Case study: Medway GP Commissioning Consortium

This case study was developed prior to the NHS Listening Exercise. The outcomes of this exercise have led to some changes to the policy, and this case study may not reflect the current policy position. More information can be found in our detailed response to the NHS Future Forum.

This case study looks at the work taking place in Medway to establish a successful commissioning consortium.

Background
Medway GP Commissioning Consortium (GPCC) brings three former practice-based commissioning localities together to cover a population of 283,000. There are 61 GP practices in the area, which recently voted overwhelmingly to form a single consortium covering Medway.

The consortium has the same footprint as Medway PCT and the Medway Unitary Authority. It has applied to become a pathfinder and is currently developing its work plan.

Medway GPCC is fortunate in having already established a number of key relationships. The transitional board engaged with the SHA, the local foundation trust, mental health trust, Local Involvement Network (LINk) and community trust to find out which form partners thought was most desirable.

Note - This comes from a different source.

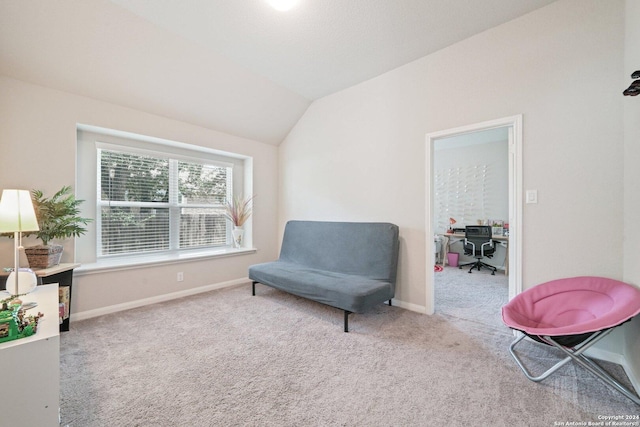 sitting room with baseboards, carpet flooring, and vaulted ceiling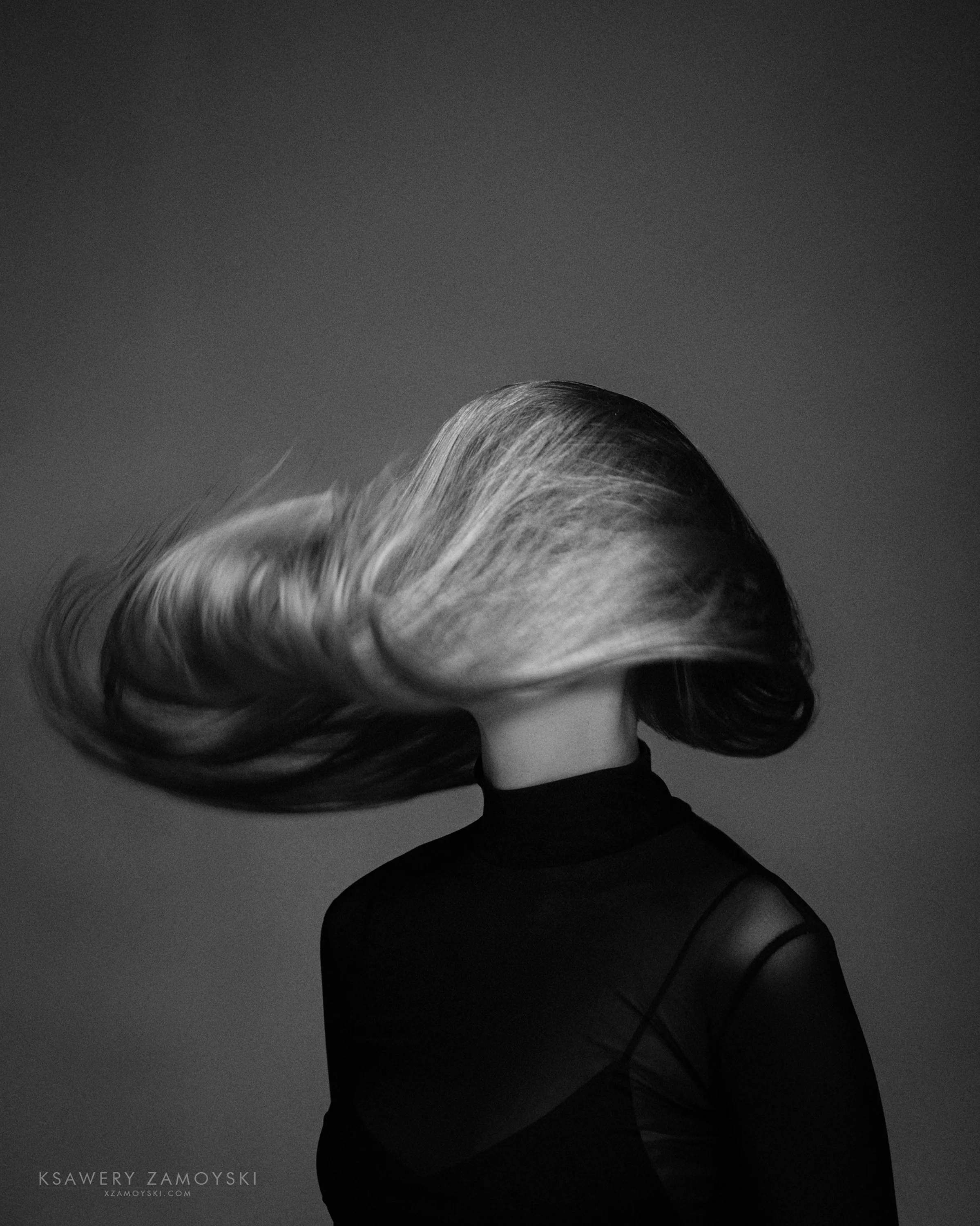 Black and white portrait of a woman with short wavy hair wearing glasses and a turtleneck, with a dark background.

Philip Masterton-Smith is Transition Programme Manager for Medway PCT and is also currently working for the GPCC during this transition period. He says,

“It’s worth knowing about the genesis of the GPCC. We had three effective PBC localities each with a population of around 90,000. In December it went to the LMC, and there was a vote for a transition board to prepare an option appraisal on which route to go down – whether to have one or more consortia covering the area.  The virtually unanimous vote was for a single, pan-Medway, consortium, and the process that followed has ensured that the consortium has the full support of all practices within Medway”

What’s being done?
The engagement started early, and continues. Five members of the transitional board were already members of other committees or boards, such as the Local Strategic Partnership and PCT board so the links that already existed can be sustained.

The vote by all Medway practices in mid-March 2011 gave a mandate for further engagement and developing a constitution.

Partnership working
The board is also now looking at a work programme. One of the likely areas in the work plan is urgent care. This will require further engagement with, for example, the acute sector, the ambulance trust and the local authority, to help keep people out of hospital.

As well as focusing on this specific area of care, the consortium is planning to take responsibility for delivery of the entire PCT Annual Operating Plan.  Additionally, it is working with the PCT to develop a QOF+ approach to enhance performance through  referral management and prescribing.

Patient benefits
The GPCC is building on the previous work of practice-based commissioners in the area. Practice-based commissioning had already made steady inroads with demand management and keeping prescribing costs down.

In addition, a number of local services had already been commissioned through PBC, including a primary eye acute referral service (PEARS) and an outreach dermatology service. These have already improved patient experience through moving care out of the acute hospital setting and into the community.

Next steps
The transitional consortium board has agreed a founding set of principles for its constitution that has been shared with all practices, and voting is about to take place to elect the first ‘shadow board’ members who will be in office for at least the next two years.

The consortium has started to prepare a business plan that will demonstrate how it will deliver against the Annual Operating Plan and how and when it will lead local service redesign programmes.

In parallel with this work, detailed arrangements are being put in place to ensure effective clinical leadership and engagement in all areas of consortium responsibility.

Philip says

“I would be happy to share information with other consortia. We have an advantage with our existing relationships that may benefit others. One of the differences between Medway and other GPCCs is that we have one consortium, one PCT and one Local Authority with co-terminous boundaries.

“It does give us different problems to other GPCCs. We haven’t progressed as far as some – we don’t have a constitution and have only recently put in for Pathfinder status – but I expect it will be a bit of a ‘tortoise and hare’ outcome.   The key measure for us is that the process we have followed has ensured that we have the full support of the Medway GP population  and true democratic legitimacy.”

The consortium would like to tap into others’ experiences as much as possible to learn, while not going down the one-size-fits-all route. One area they need to work on is the Accountability Agreement, and they hope the Pathfinder Learning Network will be a significant asset for sharing best practice.